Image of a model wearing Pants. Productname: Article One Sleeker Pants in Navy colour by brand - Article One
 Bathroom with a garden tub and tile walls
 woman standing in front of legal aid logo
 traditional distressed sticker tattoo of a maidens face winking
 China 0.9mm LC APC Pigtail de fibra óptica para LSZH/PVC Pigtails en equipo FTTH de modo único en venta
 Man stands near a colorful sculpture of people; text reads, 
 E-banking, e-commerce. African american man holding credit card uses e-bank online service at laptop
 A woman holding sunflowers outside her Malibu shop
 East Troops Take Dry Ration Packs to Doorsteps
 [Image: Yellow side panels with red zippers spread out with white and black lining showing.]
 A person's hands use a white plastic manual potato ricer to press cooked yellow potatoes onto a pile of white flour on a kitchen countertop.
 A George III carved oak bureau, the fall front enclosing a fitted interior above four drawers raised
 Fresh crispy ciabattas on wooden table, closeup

## WHAT NEEDS TO BE DONE
Could you give again, word for word, the line with "A George III" and all lines after it through the end of the data? Leave out everything else.

## ANSWER FOR THE TASK
 A George III carved oak bureau, the fall front enclosing a fitted interior above four drawers raised
 Fresh crispy ciabattas on wooden table, closeup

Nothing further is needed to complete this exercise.